>>>

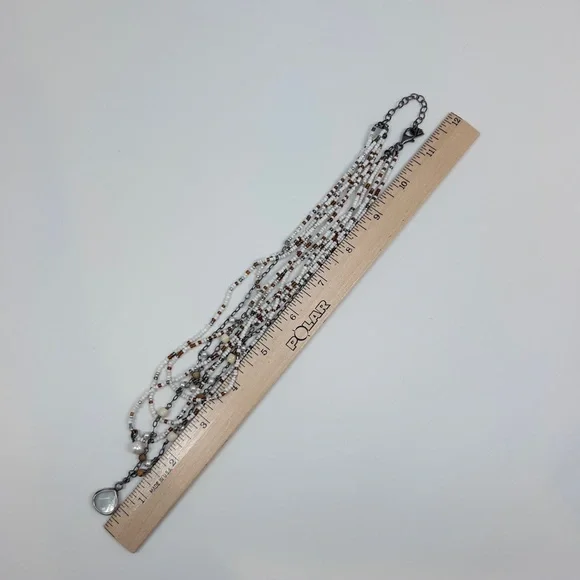 Silpada‎ Designs Sterling Silver Multi-Strand Beaded Necklace - Picture 2 of 4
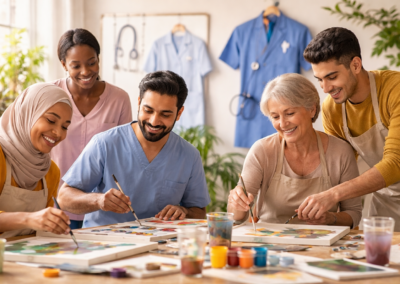 Entwicklungsprojekt Kunst und Pflege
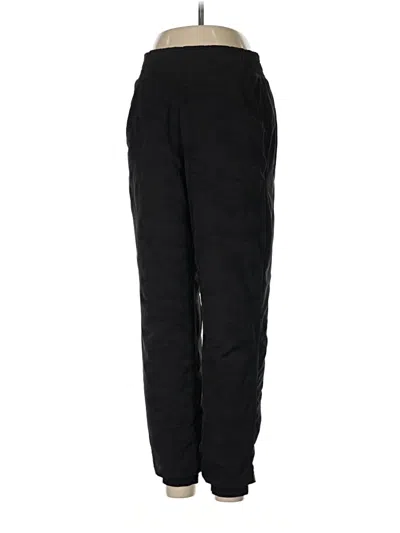 Pre-owned Athleta Track Pants In Black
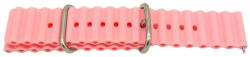  Curea silicon roz cutată cu telescop QR 22mm - 63052 - ceas-shop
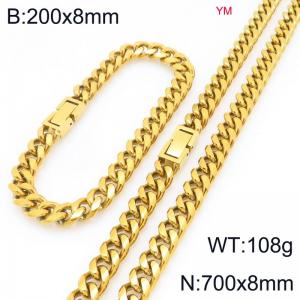 SS Jewelry Set(Most Men) - KS228013-ZZ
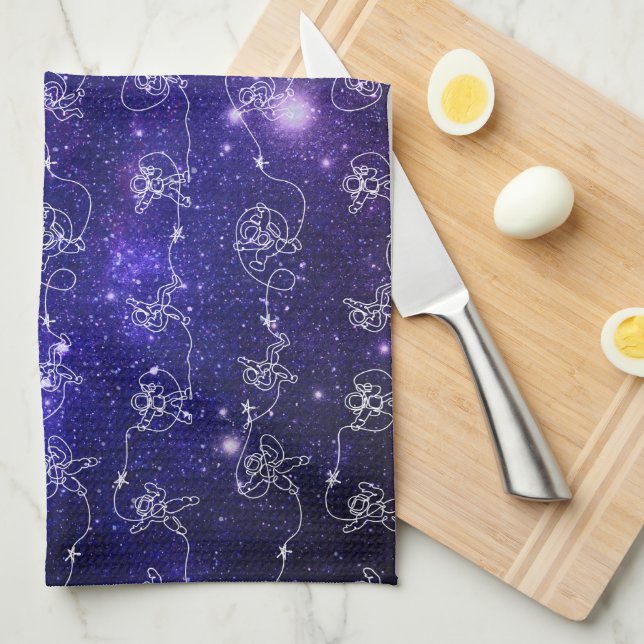 Astronaut Kitchen Towel (Quarter Fold)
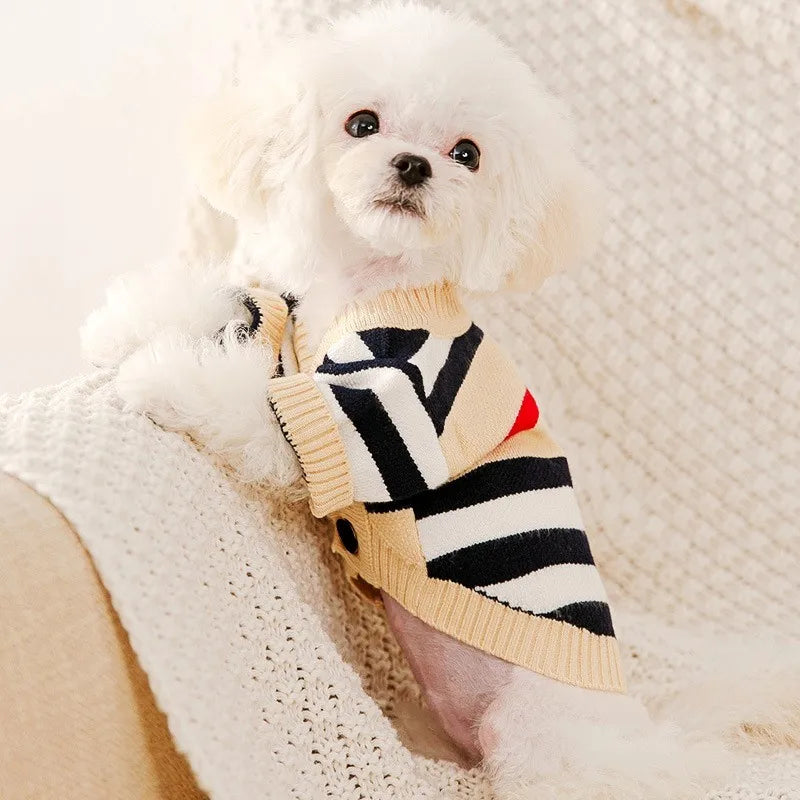 Dog Winter Sweater Knitted Warm Pet Clothes for Small Medium Dogs Chihuahua Puppy Pet Sweaters Yorkshire Cardigan Dog Coat Vest CB DROPSHIPPING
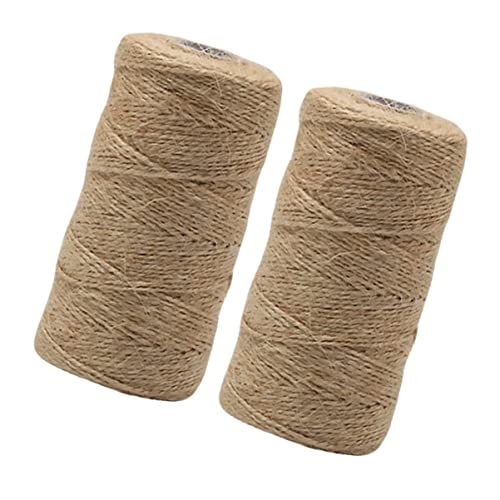 HOMSFOU 2Rollen Juteseil À Strängig Starkes Hanfseil für DIY Bastelzubehör Dekoration Geschenkverpackung Vielseitig Einsetzbar für Garten und Heimdekoration HOMSFOU 2Rollen Juteseil À Strängig Starkes Hanfseil für DIY Bastelzubehör Dekoration Geschenkverpackung Vielseitig Einsetzbar für Garten und Heimdekoration von HOMSFOU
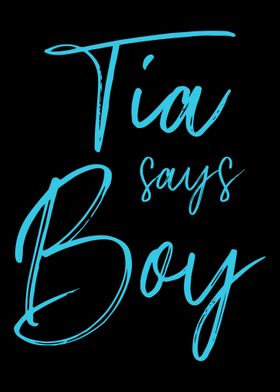 Gender reveal tia says boy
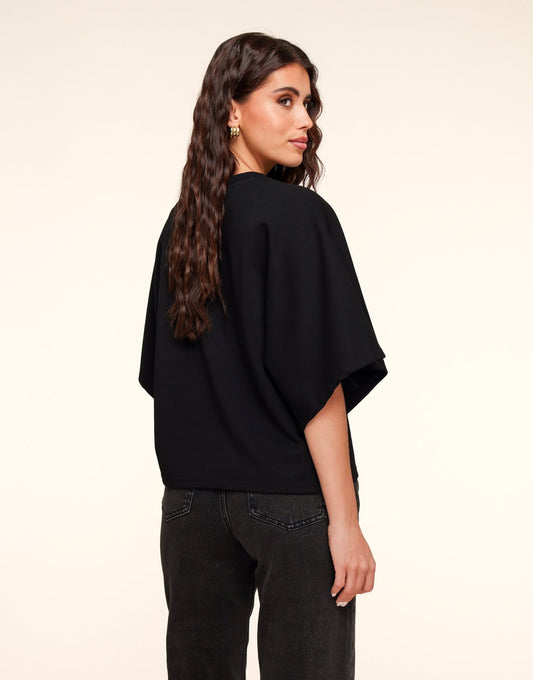 Zwarte Oversized SS - T-Shirt - Olivia & Kate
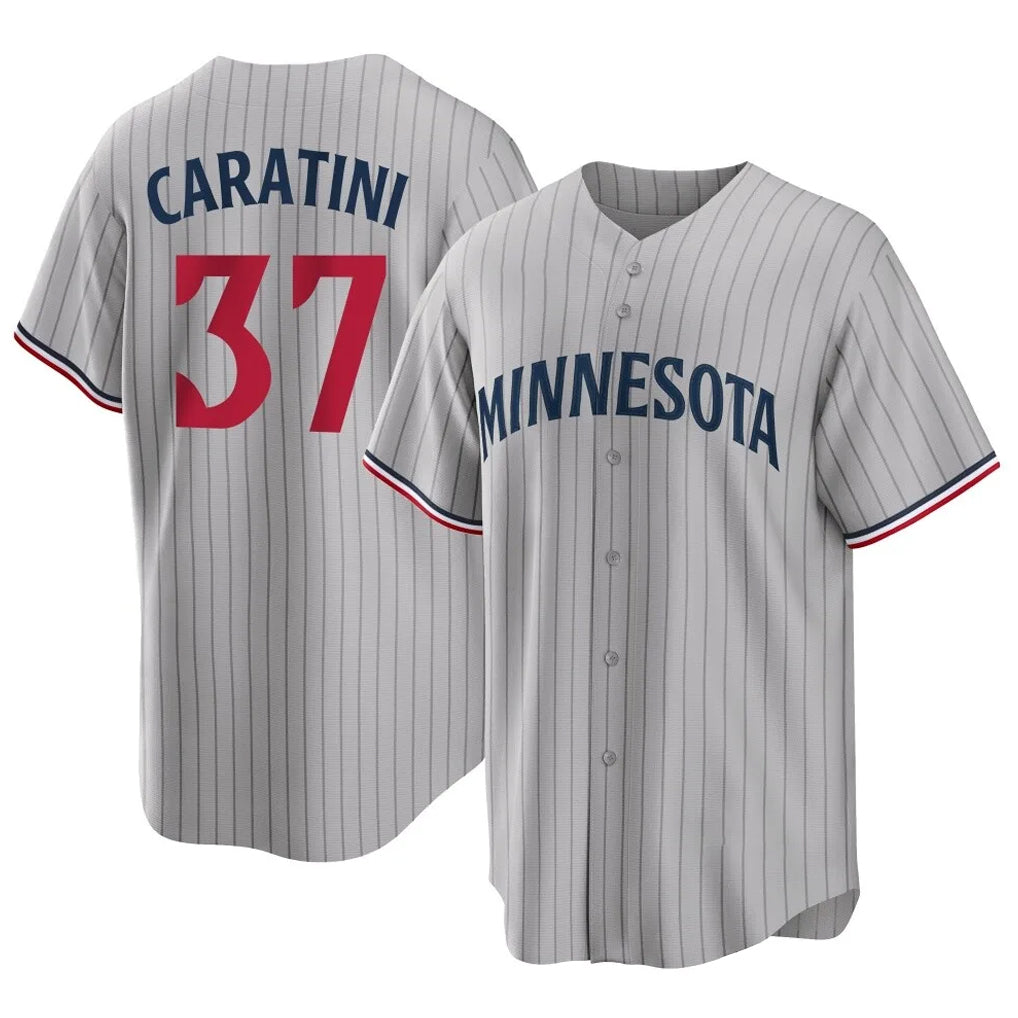 Friene M.Twins #37 Victor Caratini Player Gray Game Limited Home Stitched Jerseys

<<<

**TASK GOAL:** From the line with "SS Jewelry Set(Most Men) - KS228013-ZZ" down to the final line of the entries above, repeat each line exactly; omit the pictures.

**YOUR RESPONSE:**
 SS Jewelry Set(Most Men) - KS228013-ZZ
 Astronaut Kitchen Towel (Quarter Fold)
 Dog Winter Sweater Knitted Warm Pet Clothes for Small Medium Dogs Chihuahua Puppy Pet Sweaters Yorkshire Cardigan Dog Coat Vest CB DROPSHIPPING
 HOMSFOU 2Rollen Juteseil À Strängig Starkes Hanfseil für DIY Bastelzubehör Dekoration Geschenkverpackung Vielseitig Einsetzbar für Garten und Heimdekoration HOMSFOU 2Rollen Juteseil À Strängig Starkes Hanfseil für DIY Bastelzubehör Dekoration Geschenkverpackung Vielseitig Einsetzbar für Garten und Heimdekoration von HOMSFOU
 Gender reveal tia says boy
 Zwarte Oversized SS - T-Shirt - Olivia & Kate
 Friene M.Twins #37 Victor Caratini Player Gray Game Limited Home Stitched Jerseys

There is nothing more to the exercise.